• [THE TASK]
Both the line containing "基金冠军貌似出现了：年内最大涨幅！一夜暴涨177.29%" and the last line of the listing are included: write out exactly the lines from one to the other.

• [EXCERPTED RECORDS]
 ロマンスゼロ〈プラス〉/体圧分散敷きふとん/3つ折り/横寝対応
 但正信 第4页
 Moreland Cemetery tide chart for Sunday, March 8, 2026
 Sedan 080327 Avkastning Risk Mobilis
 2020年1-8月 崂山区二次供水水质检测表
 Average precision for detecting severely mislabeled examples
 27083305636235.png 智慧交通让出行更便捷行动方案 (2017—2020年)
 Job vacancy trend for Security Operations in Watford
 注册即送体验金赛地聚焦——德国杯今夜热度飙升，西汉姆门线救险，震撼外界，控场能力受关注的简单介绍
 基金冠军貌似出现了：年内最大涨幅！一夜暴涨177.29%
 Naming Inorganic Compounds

• [SOLUTION FOR THIS PROBLEM]
 基金冠军貌似出现了：年内最大涨幅！一夜暴涨177.29%
 Naming Inorganic Compounds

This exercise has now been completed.